As a child in the 1980s, I went to very good Sunday school each week. But suddenly the other kids in my Sunday school class started disappearing from church. And over a period of a couple of years, the group went from sizeable and thriving to just two of us.
Over the same period, the church contracted from 120 people to 50 as many of the adults were losing their heads over some theological argument.
But in Titus 3, Paul urges churches to avoid pointless quarrels. To be clear, there’s nothing wrong with healthy persuasion and attempts to develop more advanced understandings of the Bible. He writes (CSB):
But avoid foolish debates, genealogies, quarrels, and disputes about the law, because they are unprofitable and worthless. Reject a divisive person after a first and second warning. For you know that such a person has gone astray and is sinning; he is self-condemned.

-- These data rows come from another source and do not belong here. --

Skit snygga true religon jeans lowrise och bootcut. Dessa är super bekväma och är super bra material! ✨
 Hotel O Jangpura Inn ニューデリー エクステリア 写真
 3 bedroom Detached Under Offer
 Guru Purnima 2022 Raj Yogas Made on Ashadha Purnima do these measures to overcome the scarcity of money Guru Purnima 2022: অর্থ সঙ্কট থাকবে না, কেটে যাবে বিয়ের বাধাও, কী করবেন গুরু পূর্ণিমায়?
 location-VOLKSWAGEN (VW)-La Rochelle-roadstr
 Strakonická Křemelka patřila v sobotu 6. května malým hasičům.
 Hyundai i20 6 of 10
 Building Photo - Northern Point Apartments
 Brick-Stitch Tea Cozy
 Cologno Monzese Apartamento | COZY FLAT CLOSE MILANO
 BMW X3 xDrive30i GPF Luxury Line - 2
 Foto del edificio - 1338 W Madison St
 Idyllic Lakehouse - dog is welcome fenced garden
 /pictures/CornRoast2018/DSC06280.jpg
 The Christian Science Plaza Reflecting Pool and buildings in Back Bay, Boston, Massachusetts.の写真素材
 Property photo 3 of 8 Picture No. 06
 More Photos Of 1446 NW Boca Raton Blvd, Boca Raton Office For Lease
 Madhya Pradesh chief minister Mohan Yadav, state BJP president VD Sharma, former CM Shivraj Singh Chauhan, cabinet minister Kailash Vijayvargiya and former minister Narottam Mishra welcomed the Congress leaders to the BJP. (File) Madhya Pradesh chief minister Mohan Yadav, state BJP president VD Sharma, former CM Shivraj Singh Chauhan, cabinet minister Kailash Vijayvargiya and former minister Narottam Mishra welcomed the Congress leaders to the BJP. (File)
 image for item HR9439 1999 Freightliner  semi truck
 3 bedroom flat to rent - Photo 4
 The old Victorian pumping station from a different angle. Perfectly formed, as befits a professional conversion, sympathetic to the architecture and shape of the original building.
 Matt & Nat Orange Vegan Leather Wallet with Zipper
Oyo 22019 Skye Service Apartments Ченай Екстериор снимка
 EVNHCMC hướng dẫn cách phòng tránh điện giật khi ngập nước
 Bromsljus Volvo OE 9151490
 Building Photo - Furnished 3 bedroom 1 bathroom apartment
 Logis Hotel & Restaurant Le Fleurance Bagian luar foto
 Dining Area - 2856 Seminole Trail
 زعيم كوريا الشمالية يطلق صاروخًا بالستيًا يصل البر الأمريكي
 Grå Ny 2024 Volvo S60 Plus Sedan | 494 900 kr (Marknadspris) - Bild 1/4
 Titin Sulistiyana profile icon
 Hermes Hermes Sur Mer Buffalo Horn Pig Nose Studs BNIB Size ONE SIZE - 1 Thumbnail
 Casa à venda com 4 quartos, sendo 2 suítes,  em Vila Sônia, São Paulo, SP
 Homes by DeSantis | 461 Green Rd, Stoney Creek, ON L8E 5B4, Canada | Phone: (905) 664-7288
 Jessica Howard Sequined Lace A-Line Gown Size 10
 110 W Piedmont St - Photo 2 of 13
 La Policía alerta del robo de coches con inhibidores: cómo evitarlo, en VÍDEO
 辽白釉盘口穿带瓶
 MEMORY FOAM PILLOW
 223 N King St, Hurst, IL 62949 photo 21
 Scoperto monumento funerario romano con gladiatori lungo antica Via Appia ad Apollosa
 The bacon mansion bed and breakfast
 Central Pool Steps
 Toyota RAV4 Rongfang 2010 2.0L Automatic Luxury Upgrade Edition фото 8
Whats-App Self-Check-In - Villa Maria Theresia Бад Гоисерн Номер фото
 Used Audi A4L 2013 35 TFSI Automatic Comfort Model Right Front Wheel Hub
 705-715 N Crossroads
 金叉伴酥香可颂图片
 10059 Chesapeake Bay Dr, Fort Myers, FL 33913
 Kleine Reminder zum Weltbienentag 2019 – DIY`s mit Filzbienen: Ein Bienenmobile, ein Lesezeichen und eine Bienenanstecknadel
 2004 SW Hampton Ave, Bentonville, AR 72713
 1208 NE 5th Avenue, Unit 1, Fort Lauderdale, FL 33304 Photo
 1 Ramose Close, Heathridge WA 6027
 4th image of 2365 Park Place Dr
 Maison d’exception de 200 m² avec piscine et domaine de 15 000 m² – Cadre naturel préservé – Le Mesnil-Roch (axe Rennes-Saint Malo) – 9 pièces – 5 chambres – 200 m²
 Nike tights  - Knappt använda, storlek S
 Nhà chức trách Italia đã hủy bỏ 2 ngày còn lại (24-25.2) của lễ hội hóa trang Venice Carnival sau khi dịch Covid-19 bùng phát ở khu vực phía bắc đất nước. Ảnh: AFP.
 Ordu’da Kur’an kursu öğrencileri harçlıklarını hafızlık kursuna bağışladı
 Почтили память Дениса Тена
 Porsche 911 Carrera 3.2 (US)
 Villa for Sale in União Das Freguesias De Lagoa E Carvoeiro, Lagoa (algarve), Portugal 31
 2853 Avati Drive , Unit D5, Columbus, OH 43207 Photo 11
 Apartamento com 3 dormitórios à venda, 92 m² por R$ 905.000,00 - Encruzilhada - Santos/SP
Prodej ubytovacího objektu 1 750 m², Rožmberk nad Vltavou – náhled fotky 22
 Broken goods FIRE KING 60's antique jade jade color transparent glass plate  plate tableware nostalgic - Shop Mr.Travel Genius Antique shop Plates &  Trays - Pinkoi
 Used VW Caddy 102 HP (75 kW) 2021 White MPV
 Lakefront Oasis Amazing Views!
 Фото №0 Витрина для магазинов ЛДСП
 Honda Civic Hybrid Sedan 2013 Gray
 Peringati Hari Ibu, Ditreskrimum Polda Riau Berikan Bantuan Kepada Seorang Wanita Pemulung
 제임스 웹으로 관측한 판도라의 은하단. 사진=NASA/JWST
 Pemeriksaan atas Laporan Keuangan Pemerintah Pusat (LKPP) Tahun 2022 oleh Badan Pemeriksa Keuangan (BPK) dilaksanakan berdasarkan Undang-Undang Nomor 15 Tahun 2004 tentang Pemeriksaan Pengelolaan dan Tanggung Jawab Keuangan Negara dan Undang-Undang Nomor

Two items there need unpacking. The first is Paul’s reference to “genealogies”.
According to BibleRef:
This sounds like an odd point, but certain false teachers took great pride in proving that they were direct descendants of Abraham. Yet God is not concerned with who one’s parents are—He is concerned about our salvation. Titus was a Gentile and had no Jewish lineage. Instead of comparing family history, Titus is to preach the good news of Christ.
The second is “disputes about the law”. Here Paul touches on the difficult issue of how to square all that Old Testament teaching about Mosaic law, especially circumcision, and the fact that Jesus has displaced the need for it. In modern churches, there are those who have differing views as to how the Sabbath should be marked. Paul’s view is that we shouldn’t fall out over such things.
Two words that I often seen American Christian authors use, which represent the sentiment from Titus 3, are “winsome” and “irenic”. They’re used when making a theological position but when writers are conscious that they’re not trying to throw a metaphorical grenade at other Christians.
Notably, Paul uses the same chapter, both before and after his call to avoid rows, to talk about what Christians should be spending time on. Before, he refers to good words as “good and profitable for everyone” and after he talks of people devoting themselves “to good works for pressing needs, so that they will not be unfruitful”.
The New Testament calls us, as Christians, to make disciples and to help people.